As a director, Penny Marshall has only made a few movies—and several, like A League of Their Own and Awakenings, rode her celebrity and the growing celebrity of her actors into some place of quick recognition within our minds. She was particularly good at grasping the core of that period in the ‘80s when Hollywood concerned itself perhaps a little too extra-naturally in the lives of babies, children, teenagers, and family. No director in that loosely defined genre was more witty, sweet, and inventive as Marshall, and no film remains as worthwhile as Big. Tom Hanks stars as 13-year-old Josh Baskin, who makes a wish on a creepy carnival machine and wakes up the following morning bordering on middle age. Philadelphia and Forrest Gump notwithstanding, this is one of Hanks’s great sanguine performances, nicely capturing the fear mixed with excitement that runs through his character. Marshall and writers Gary Ross and Anne Spielberg add much to the formula as well, constructing a simple storyline that both creatively addresses the questions the boy-as-man situation raises without overstating the device’s significance; only people with a sense of humor could get such brilliance out of the piano scene that has become an iconic movie moment of the decade. That great moment speaks to the believability and power of the film’s narrative ease. Paired with cinematographer and future director Barry Sonnenfeld’s low-lying camera angles that nicely keep the film inside this overgrown teenager’s point of view, it makes Big a consummate ‘80s film about kid-dom and growing old too fast.
As in the other entries in a recent string of Tom Hanks vehicles re-released on DVD, nothing to complain about, but it's nothing to shout about either.
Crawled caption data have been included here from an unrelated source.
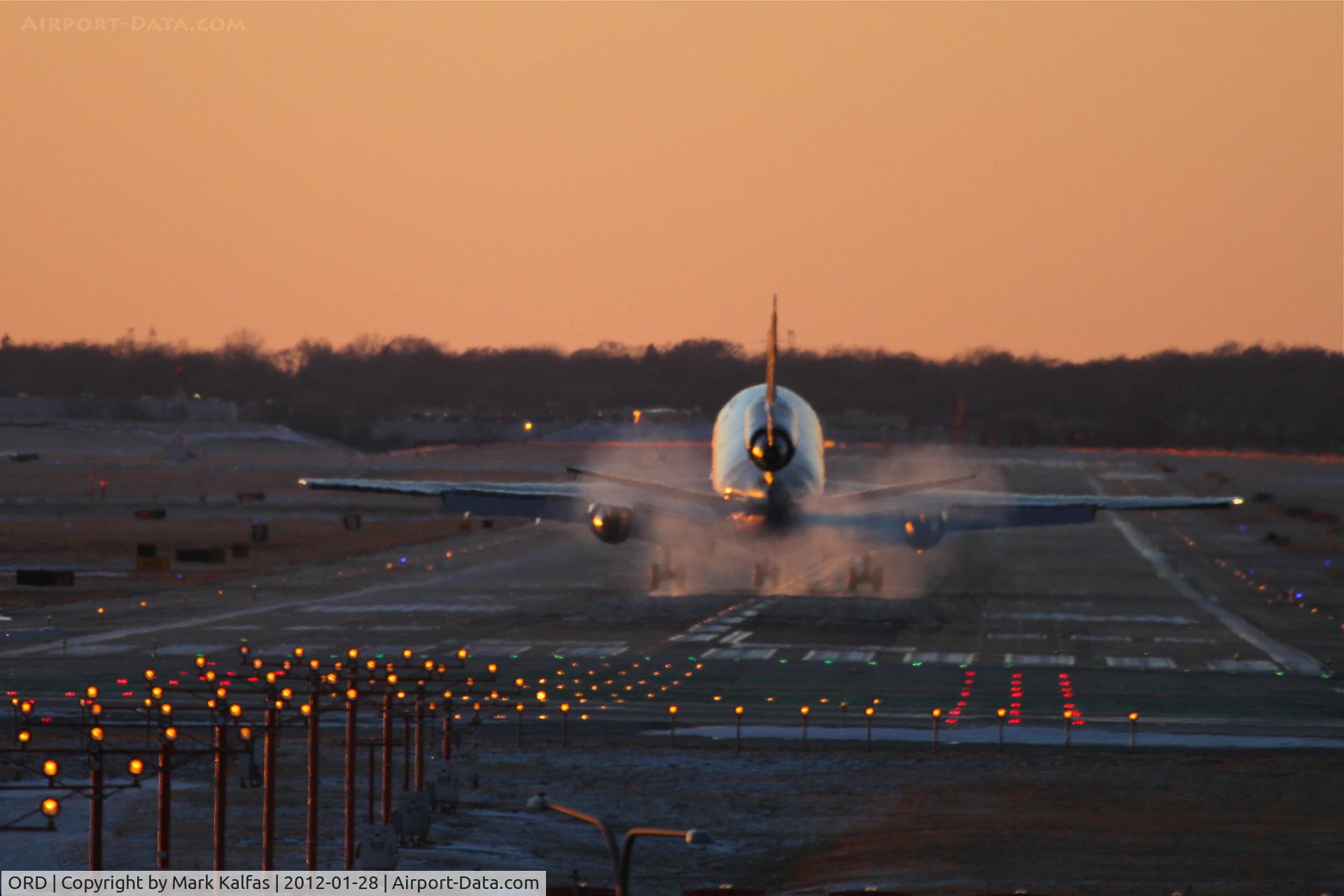 Chicago O'hare International Airport (ORD) - FedEx McDonnell Douglas DC-10-30F, FDX556 arriving RWY 28 KORD.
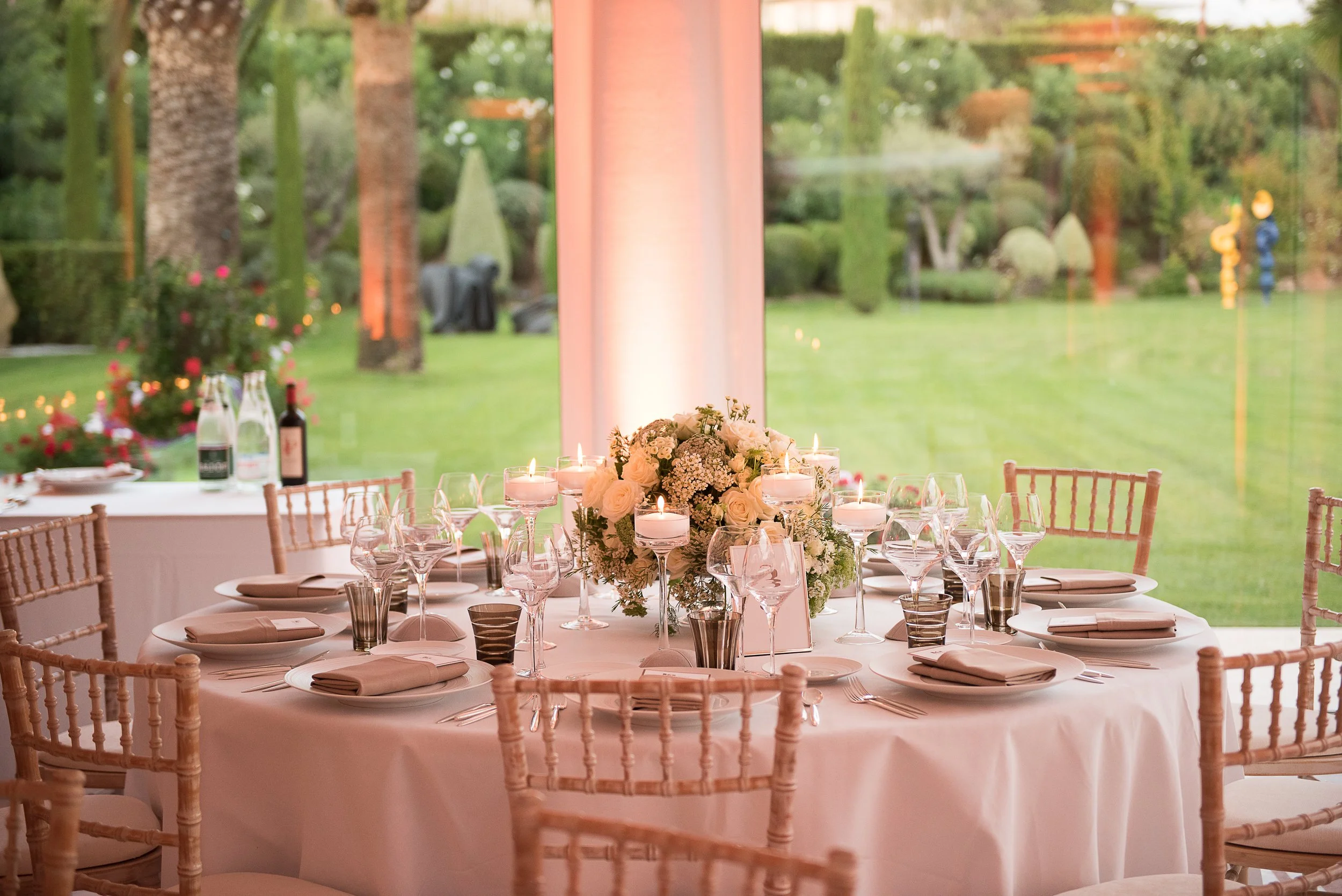 Elegant dining table set with white tablecloth, floral centerpiece with white roses, candles, wine glasses, and beige chairs, overlooking a lush green outdoor garden through large glass windows.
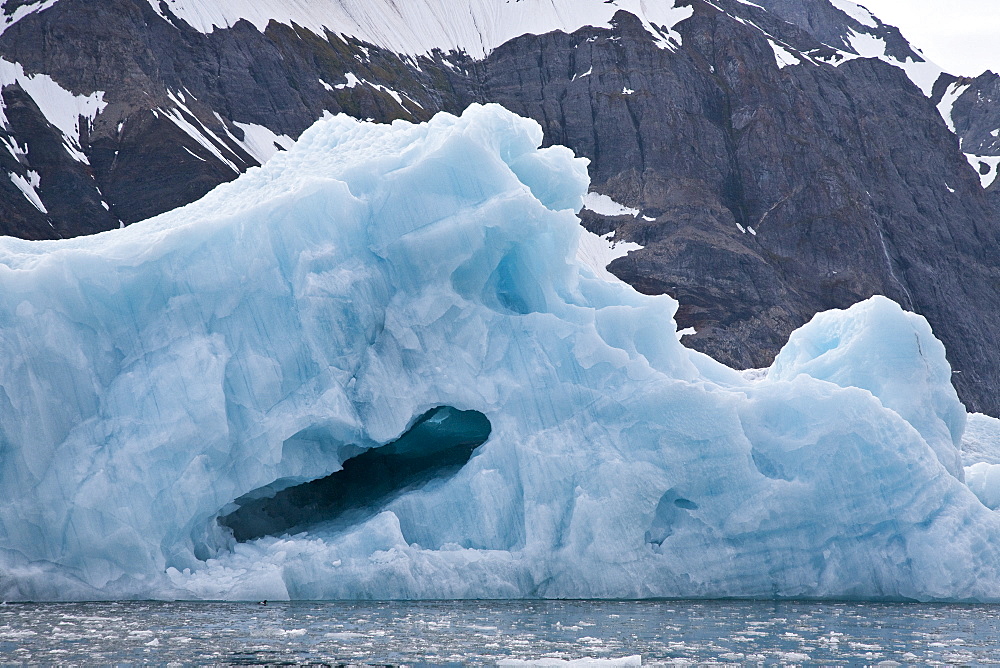 Calved icebergs from the glaciers at BlomstrandhalvÃ®ya in Kongsfjord on the western side of Spitsbergen in the Svalbard Archipelago, Norway.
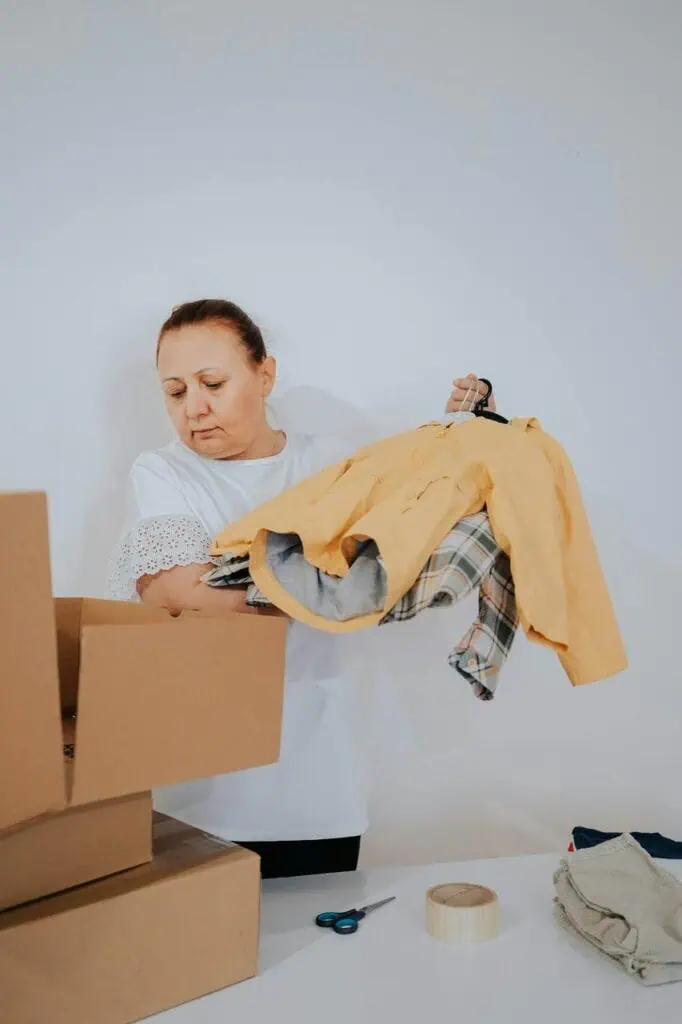 Warehouse pick and pack worker sorting clothes into cardboard shipping boxes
An informative second disc offers an inside view at the creative process that inspired the story's inventive simplicity. Ross and Spielberg offer their insights on a commentary track, and a making-of featurette, along with news footage of the Fox carnival party that launched the film's release, reminds us what is sometimes hard to remember these days: a child-like film like Big was once considered a high-profile commodity, fourth in the box office in 1988, behind Rain Man and ahead of Coming to America.